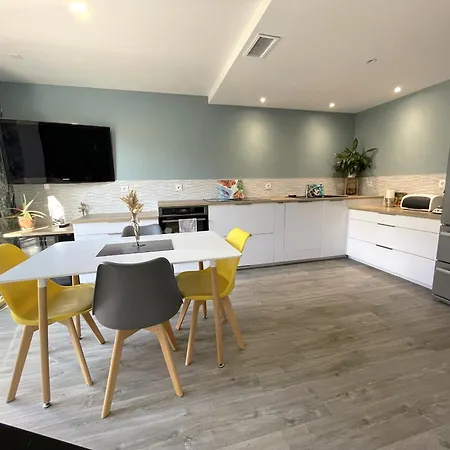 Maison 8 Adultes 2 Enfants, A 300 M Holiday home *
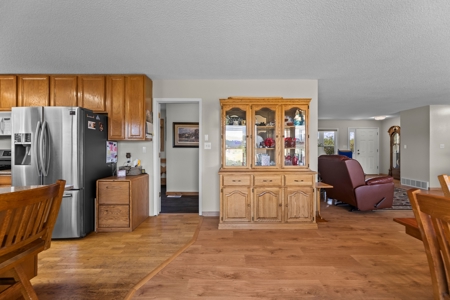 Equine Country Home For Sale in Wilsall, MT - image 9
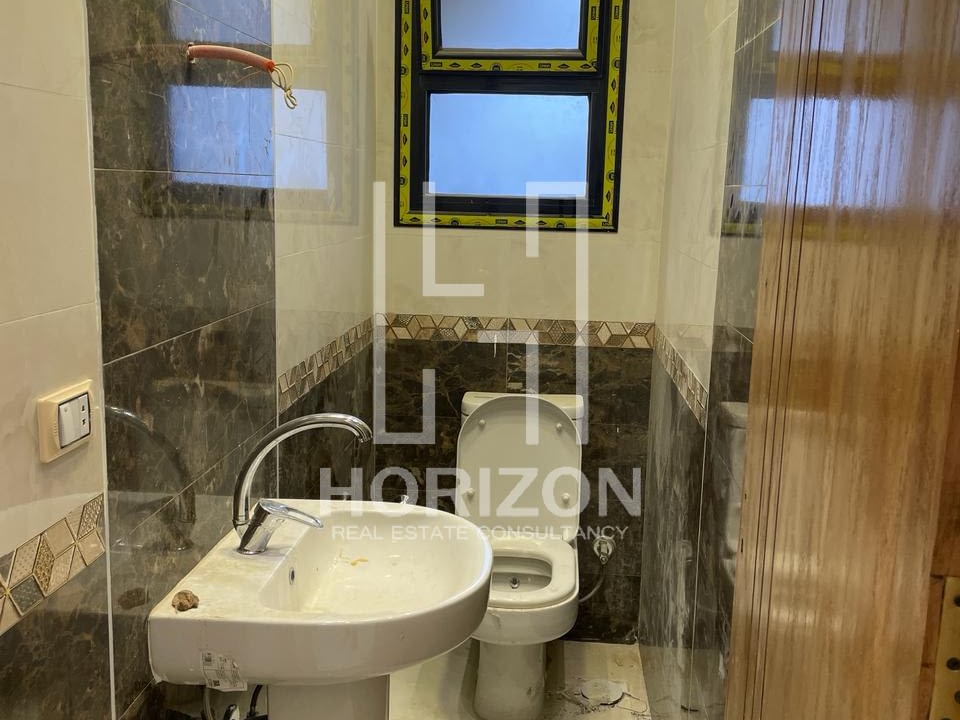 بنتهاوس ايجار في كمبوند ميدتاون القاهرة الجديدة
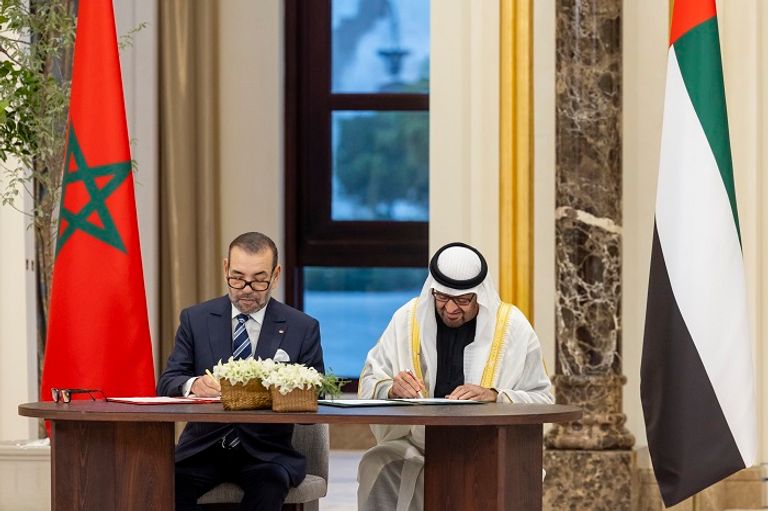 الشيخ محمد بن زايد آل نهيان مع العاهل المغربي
==
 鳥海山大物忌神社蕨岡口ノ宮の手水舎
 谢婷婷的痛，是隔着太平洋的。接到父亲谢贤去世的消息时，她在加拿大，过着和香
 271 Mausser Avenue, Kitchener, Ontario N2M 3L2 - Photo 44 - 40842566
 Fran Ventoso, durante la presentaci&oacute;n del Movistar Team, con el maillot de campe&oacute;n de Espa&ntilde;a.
--
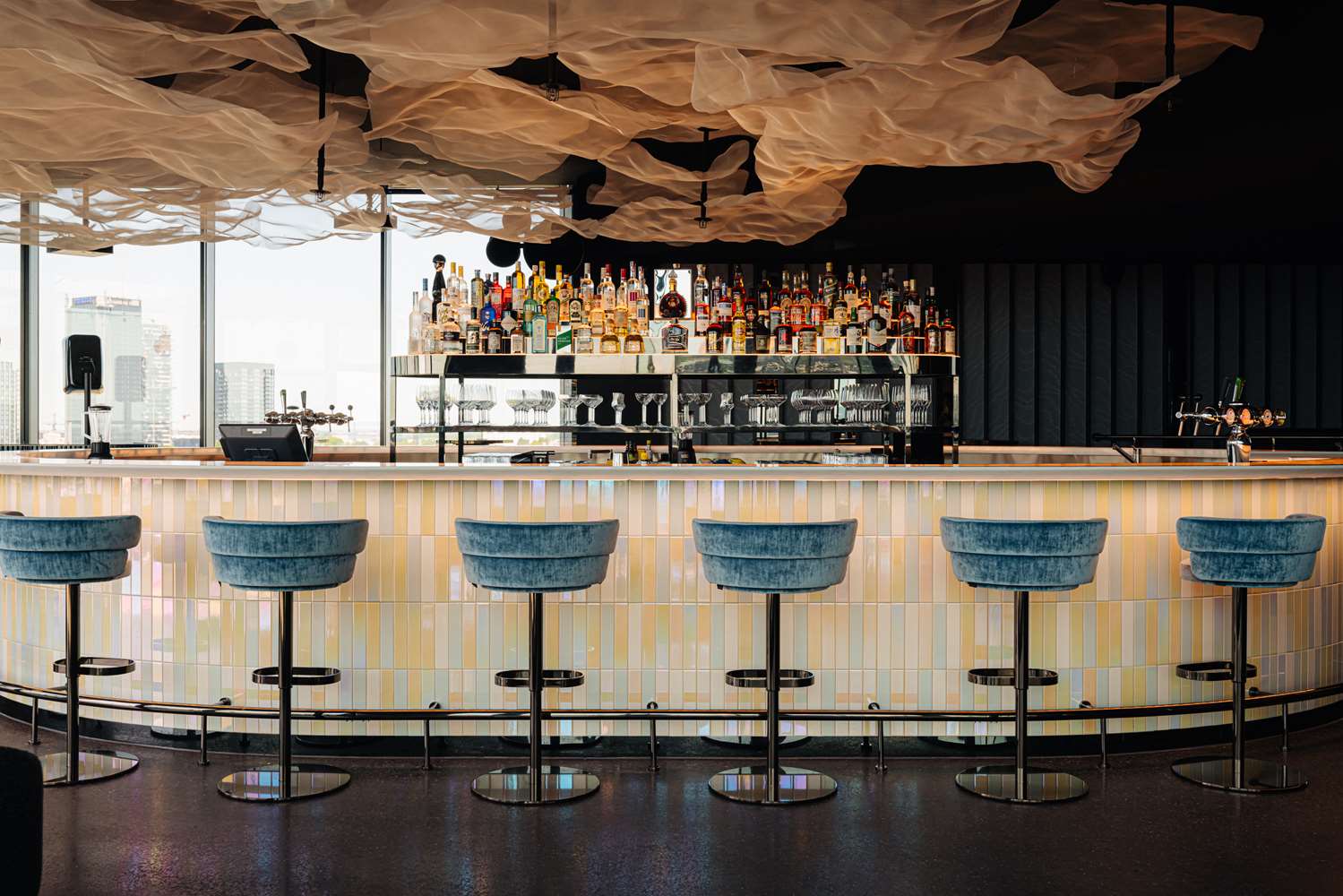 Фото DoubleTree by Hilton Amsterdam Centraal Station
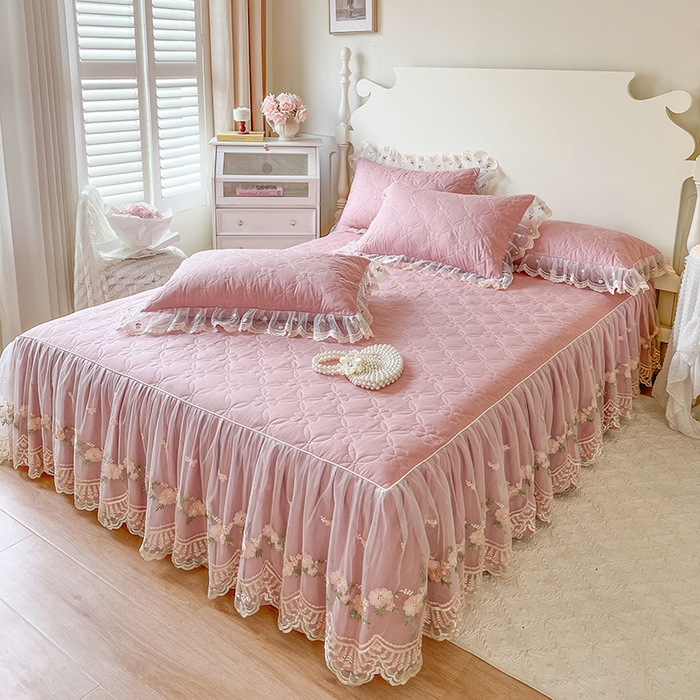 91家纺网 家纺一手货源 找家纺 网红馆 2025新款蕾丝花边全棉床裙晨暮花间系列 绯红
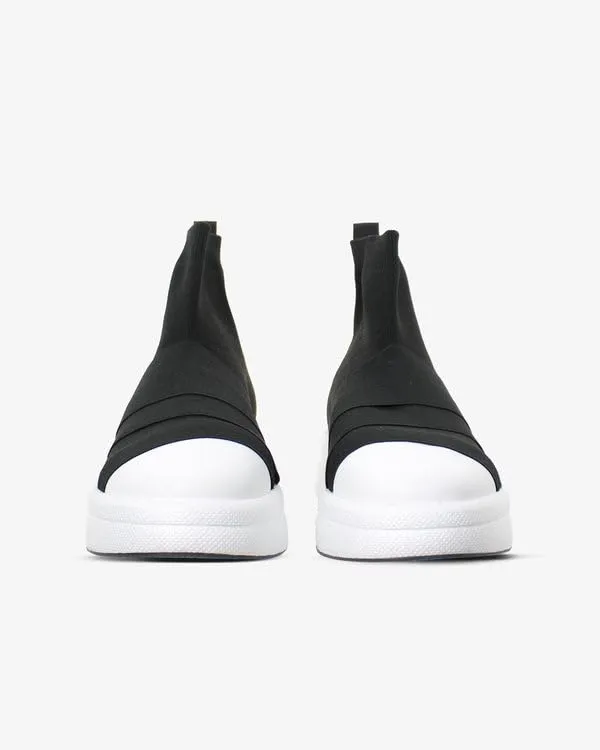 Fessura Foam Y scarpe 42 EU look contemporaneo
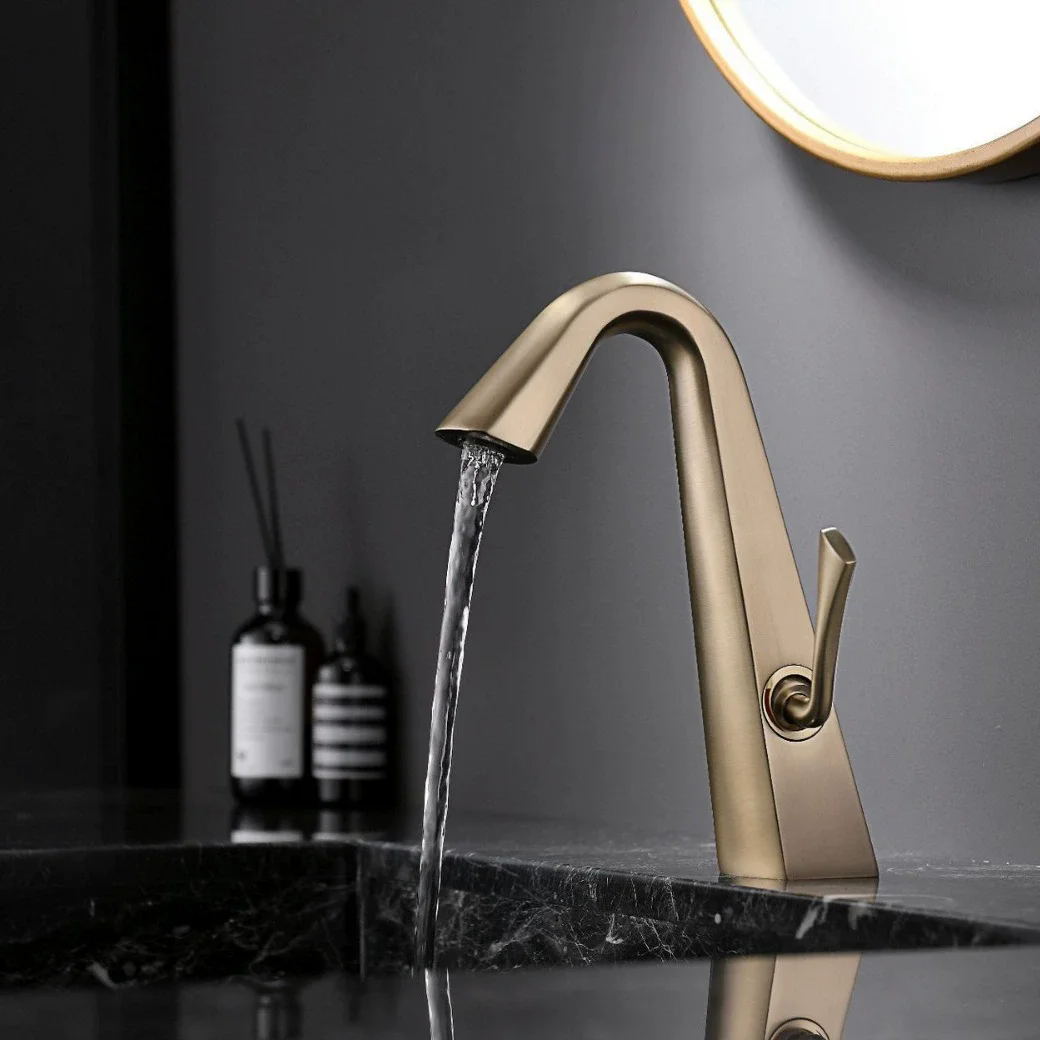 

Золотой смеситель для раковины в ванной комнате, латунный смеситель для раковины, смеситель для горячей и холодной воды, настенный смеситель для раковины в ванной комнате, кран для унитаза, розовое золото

_Task objective:_
Starting with the line above that holds "Maison 8 Adultes", restate each line word for word up to and including the line that holds "الشيخ محمد بن". Drop the pictures.

_Result for this exercise:_
 Maison 8 Adultes 2 Enfants, A 300 M Holiday home *
 Equine Country Home For Sale in Wilsall, MT - image 9
 بنتهاوس ايجار في كمبوند ميدتاون القاهرة الجديدة
 الشيخ محمد بن زايد آل نهيان مع العاهل المغربي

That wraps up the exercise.